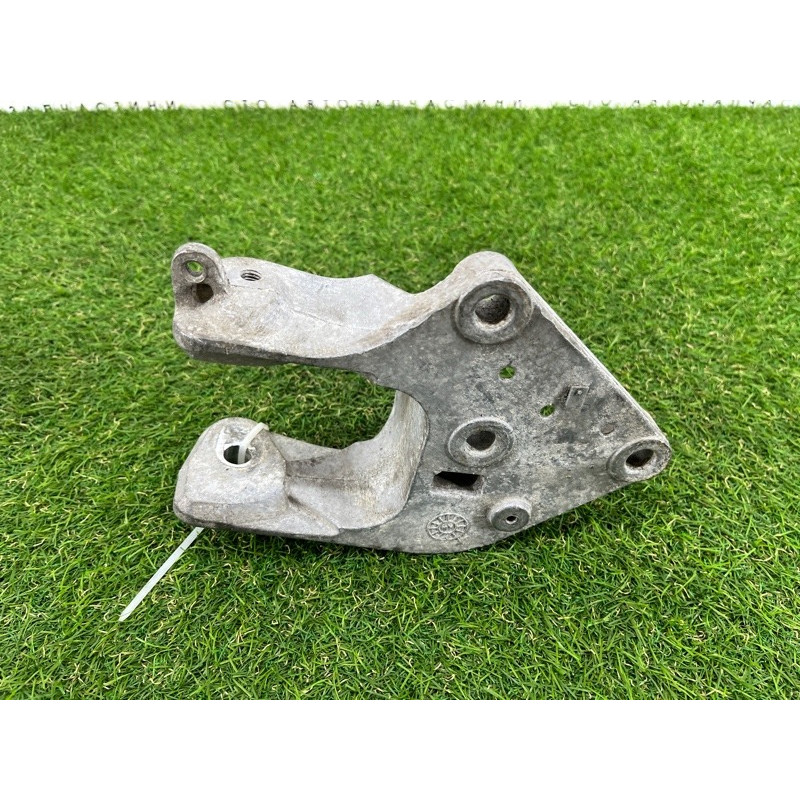 Кронштейн подушки двигателя (кронштейны двигателя) Dodge Caravan RT 04721570ab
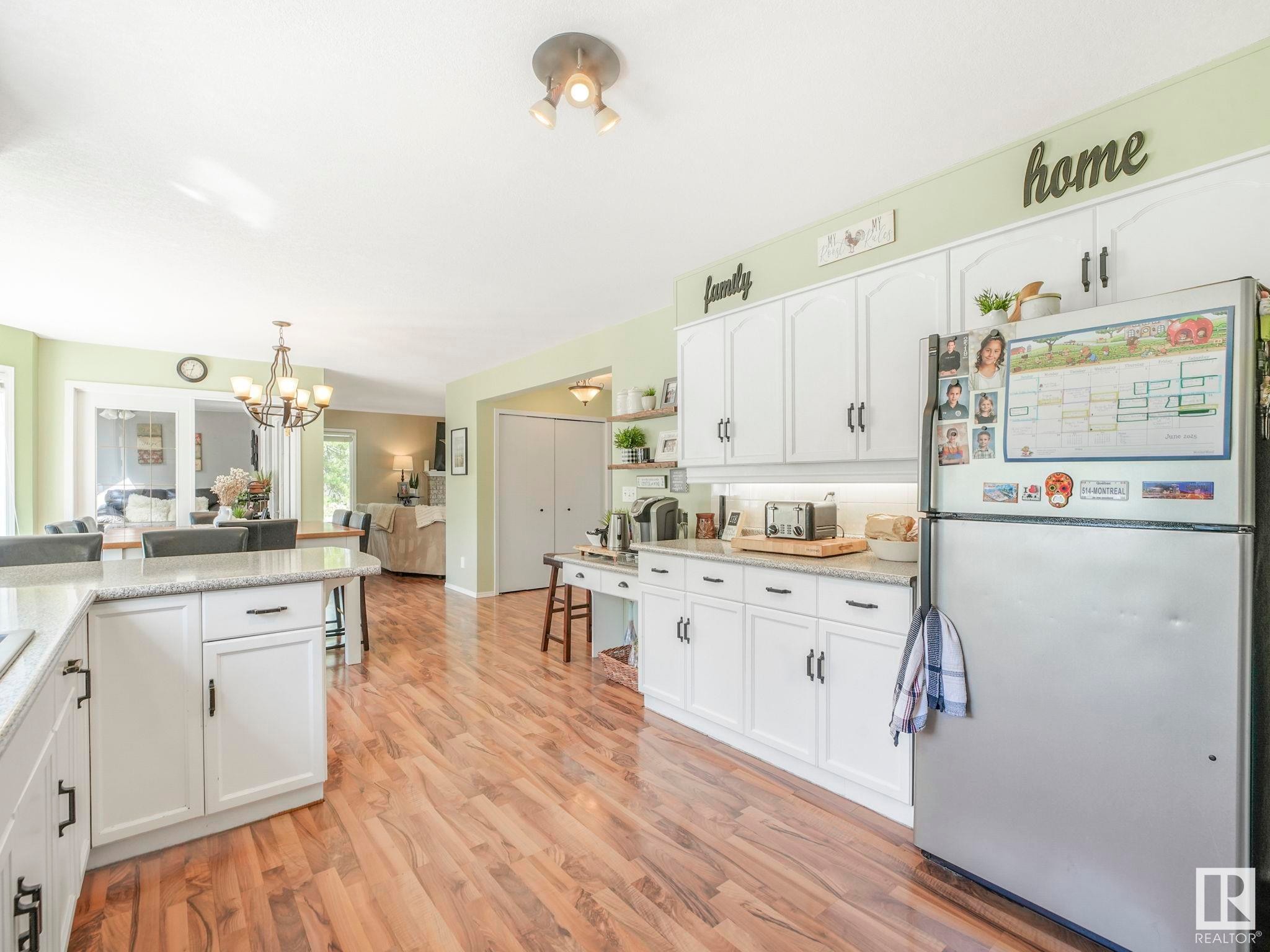 












4 Vista Way

,
Rural Sturgeon County,




AB
T0A 1N0

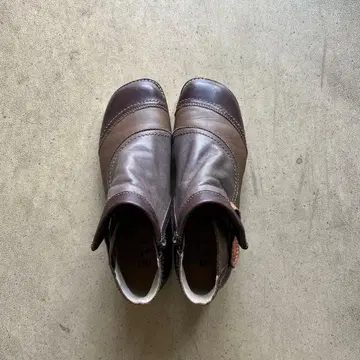 브라운 가죽 지퍼 부츠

## Task requirements
What you write should match the entries exactly, except that the pictures are dropped.

## The answer
 Кронштейн подушки двигателя (кронштейны двигателя) Dodge Caravan RT 04721570ab












4 Vista Way

,
Rural Sturgeon County,




AB
T0A 1N0

 브라운 가죽 지퍼 부츠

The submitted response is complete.